- _Work item_: Print the lines from the one containing "3 Muir Street, Tully Heads QLD 4854" through the end of the listing below, exactly as written. Any pictures stay out.

- _Task inputs_:

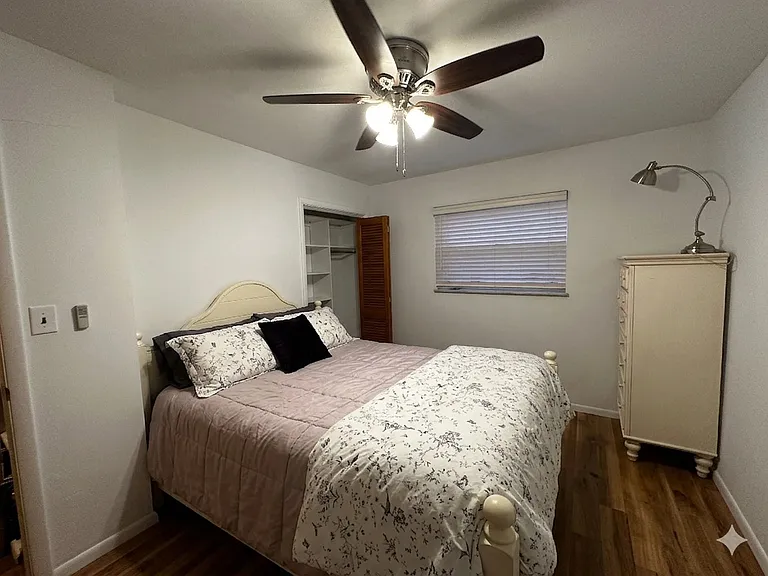 9488 Conklin Ave — Photo 9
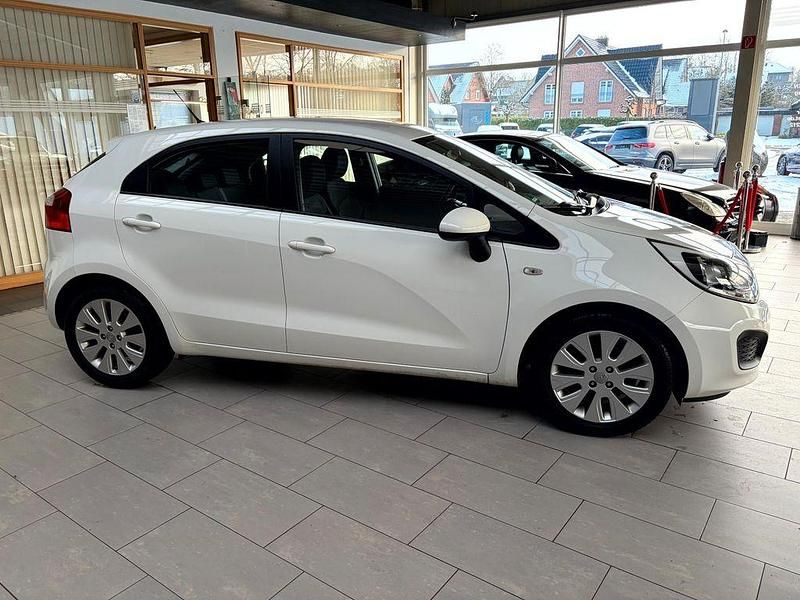 Gebraucht Kia Rio Edition 7 109 PS (80 kW) 2013 Weiß Limousine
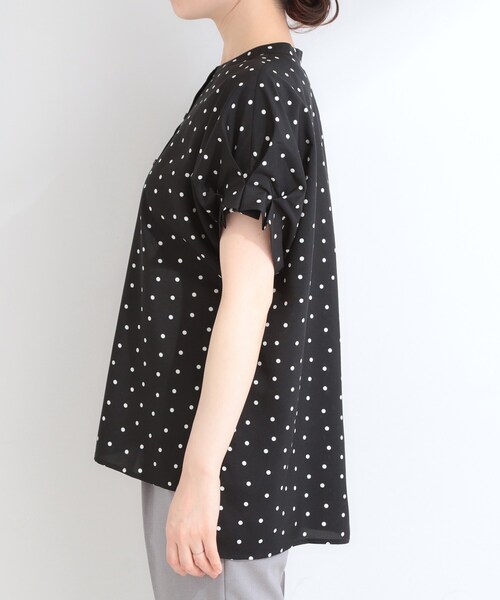 SHOO・LA・RUE（シューラルー）の「【洗濯機可／洗濯後しわになりにくい】大人の甘さをプラスする ドット柄袖タックブラウス（シャツ/ブラウス・レディース・ホワイト系3/ブラック系/ベージュ系・01/02/03/04）」の17枚目の写真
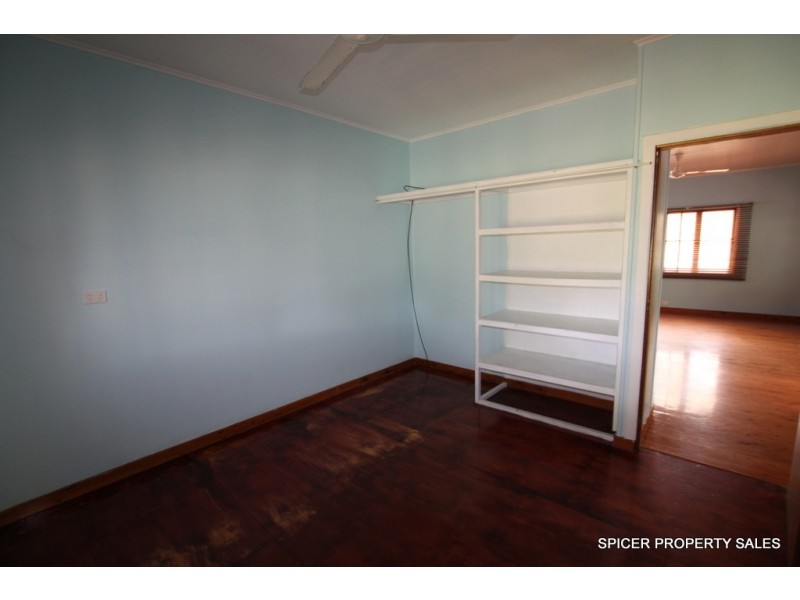 3 Muir Street, Tully Heads QLD 4854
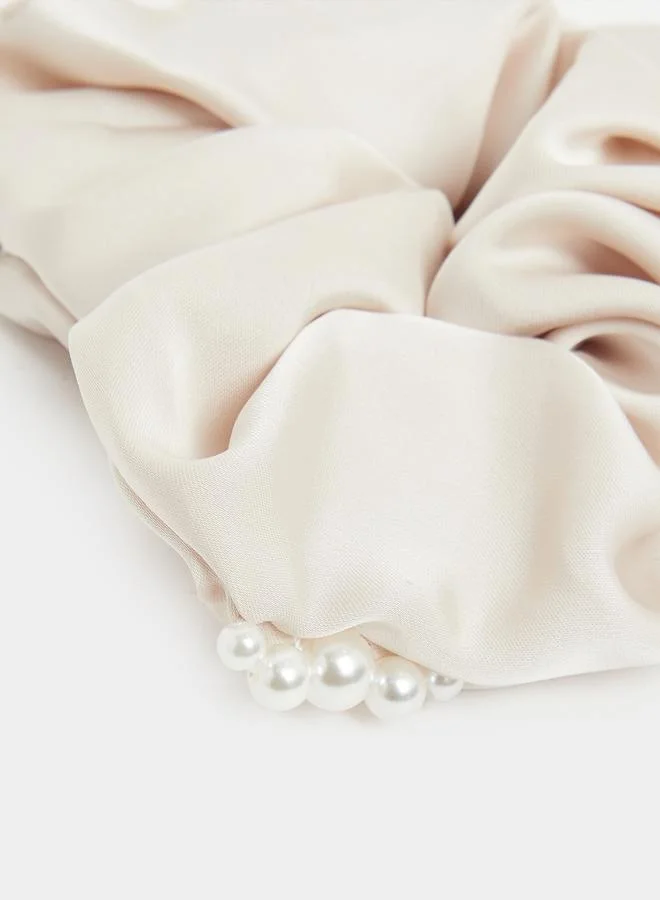 Styli Faux Pearl Embellished Scrunchie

- _Written answer_:
 3 Muir Street, Tully Heads QLD 4854
 Styli Faux Pearl Embellished Scrunchie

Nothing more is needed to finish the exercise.